There are a limited number of common patterns in the whole pattern set, hence the term “closed pattern set” applies. A pattern is dubbed closed frequent if it occurs frequently in a data set but there is no super-pattern with the same support as it. There are fewer pattern super patterns than there are regular patterns in a database. In contrast to the more compact set of maximal frequent patterns, closed pattern mining tends to condense the set of frequently occurring patterns. As a result, maximally frequent patterns may not always include the full supporting material for their equivalent often occurring patterns.

The pattern mining challenge is space intensive for large data sets, even though closed pattern mining dramatically abridged the sum of processing and output capacity. Small and medium-sized patterns are frequently generated by mining algorithms, yet this data is often useless in many applications. Finding methods for mining that only extract huge patterns and ignore tiny and medium-sized patterns makes sense because many applications benefit from only large patterns. This difficulty can be approached in a new way by mining large patterns instead of little ones.

A bottom-up strategy to finding patterns is used by all previous techniques of pattern mining. These techniques begin with little designs and work their way up to larger ones. Small and medium-sized patterns, however, often lack useful information and can only be obtained from large-sized patterns, known as colossal patterns, in specific applications. It was in 2007 when the core Pattern-Fusion (core-fusion) technique, the first real approach for mining enormous patterns, was published [16].

1.1 Motivation

In the case of huge and very large data sets, the solutions to pattern mining problems [17] take a long time and are completely inefficient when trying to solve more complex problems. Many optimization and high-performance figuring practices have been industrialised to increase the performance of the pattern mining systems [18,19,20,21]. However, when working with large databases, these solutions are ineffective since only a small number of useful patterns are showed to the end user.

1.2 Problem Scope

In general, the sub-patterns that make up a colossal pattern are expected to appear at about the same frequency as the main pattern, therefore they can be identified by counting the number of supporters for each sub-pattern. There would be ncr number of common sub-patterns of size r for a colossal pattern of size n. As a result, in order to get to the massive patterns, we must first study an immense number of smaller patterns. In order to swiftly find large patterns, a strategy has been proposed to traverse the search area in jumps, ignoring most of the mid-sized patterns.

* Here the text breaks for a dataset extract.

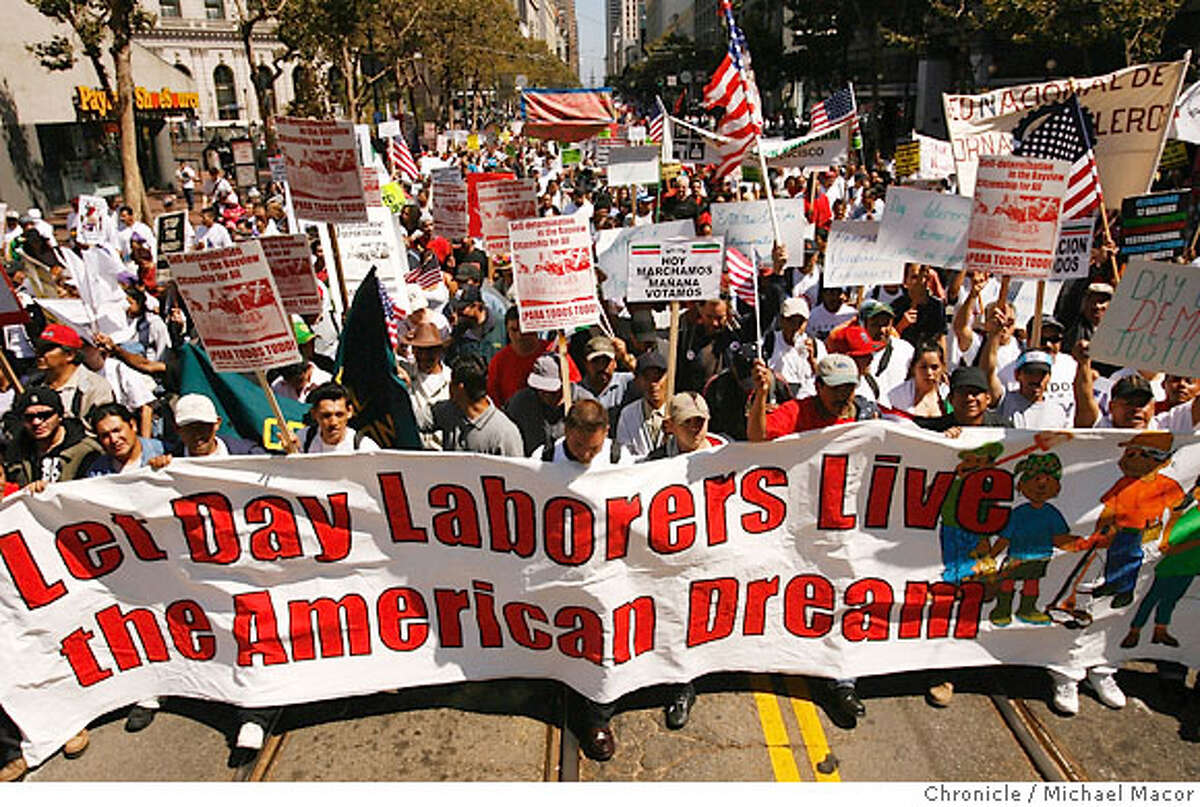IMMIGRANTS, LABOR WALK ON COMMON GROUND / Reform issues attract members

1.3 Structure of the Paper

It gives an introduction to FPM and talks about the problem of a huge pattern in Sect. 1. Pattern mining and colossal pattern relationships are explained in Sect. 2; this is the beginning of the text. Section 3 gives an impression of the algorithms for colossal patterns. Section 4 explains how to do colossal pattern mining from a list of frequently used items. It comes to an end in Sect. 5.

2 Pattern Mining Problems

A general definition of pattern mining is initially presented in this part, followed by an explanation of the connections between large-scale patterns and smaller ones.

Definition 1 (pattern)

Reflect \(I = 1,2, \ldots ,n\) as a set of items, and \(T = t1,t2, \ldots ,m\) as a set of transactions with the sum of transactions. We create the function a, which reads p = for the item I in transaction t j. (i, j).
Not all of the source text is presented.